Work request:
Your answer should restate each line of the data below word for word.

Dataset content:
□ □ □ □
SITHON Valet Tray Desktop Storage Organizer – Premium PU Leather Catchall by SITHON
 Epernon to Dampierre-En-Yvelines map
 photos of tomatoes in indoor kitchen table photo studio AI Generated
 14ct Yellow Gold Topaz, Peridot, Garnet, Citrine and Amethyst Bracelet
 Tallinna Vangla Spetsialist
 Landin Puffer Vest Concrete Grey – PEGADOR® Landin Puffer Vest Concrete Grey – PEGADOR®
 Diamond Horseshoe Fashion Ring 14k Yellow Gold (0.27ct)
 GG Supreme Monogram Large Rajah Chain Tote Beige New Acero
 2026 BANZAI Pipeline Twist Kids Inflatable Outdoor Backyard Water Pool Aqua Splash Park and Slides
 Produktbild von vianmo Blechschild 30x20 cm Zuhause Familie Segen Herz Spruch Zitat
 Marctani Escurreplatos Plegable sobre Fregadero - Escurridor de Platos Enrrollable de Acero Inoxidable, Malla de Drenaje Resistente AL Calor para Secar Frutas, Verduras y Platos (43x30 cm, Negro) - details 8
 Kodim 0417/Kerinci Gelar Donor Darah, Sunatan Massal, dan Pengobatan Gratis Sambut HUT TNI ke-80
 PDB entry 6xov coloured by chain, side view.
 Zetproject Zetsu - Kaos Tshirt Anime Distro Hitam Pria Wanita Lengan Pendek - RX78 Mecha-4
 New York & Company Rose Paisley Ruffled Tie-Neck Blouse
□ □ □ □
Your solution:
SITHON Valet Tray Desktop Storage Organizer – Premium PU Leather Catchall by SITHON
 Epernon to Dampierre-En-Yvelines map
 photos of tomatoes in indoor kitchen table photo studio AI Generated
 14ct Yellow Gold Topaz, Peridot, Garnet, Citrine and Amethyst Bracelet
 Tallinna Vangla Spetsialist
 Landin Puffer Vest Concrete Grey – PEGADOR® Landin Puffer Vest Concrete Grey – PEGADOR®
 Diamond Horseshoe Fashion Ring 14k Yellow Gold (0.27ct)
 GG Supreme Monogram Large Rajah Chain Tote Beige New Acero
 2026 BANZAI Pipeline Twist Kids Inflatable Outdoor Backyard Water Pool Aqua Splash Park and Slides
 Produktbild von vianmo Blechschild 30x20 cm Zuhause Familie Segen Herz Spruch Zitat
 Marctani Escurreplatos Plegable sobre Fregadero - Escurridor de Platos Enrrollable de Acero Inoxidable, Malla de Drenaje Resistente AL Calor para Secar Frutas, Verduras y Platos (43x30 cm, Negro) - details 8
 Kodim 0417/Kerinci Gelar Donor Darah, Sunatan Massal, dan Pengobatan Gratis Sambut HUT TNI ke-80
 PDB entry 6xov coloured by chain, side view.
 Zetproject Zetsu - Kaos Tshirt Anime Distro Hitam Pria Wanita Lengan Pendek - RX78 Mecha-4
 New York & Company Rose Paisley Ruffled Tie-Neck Blouse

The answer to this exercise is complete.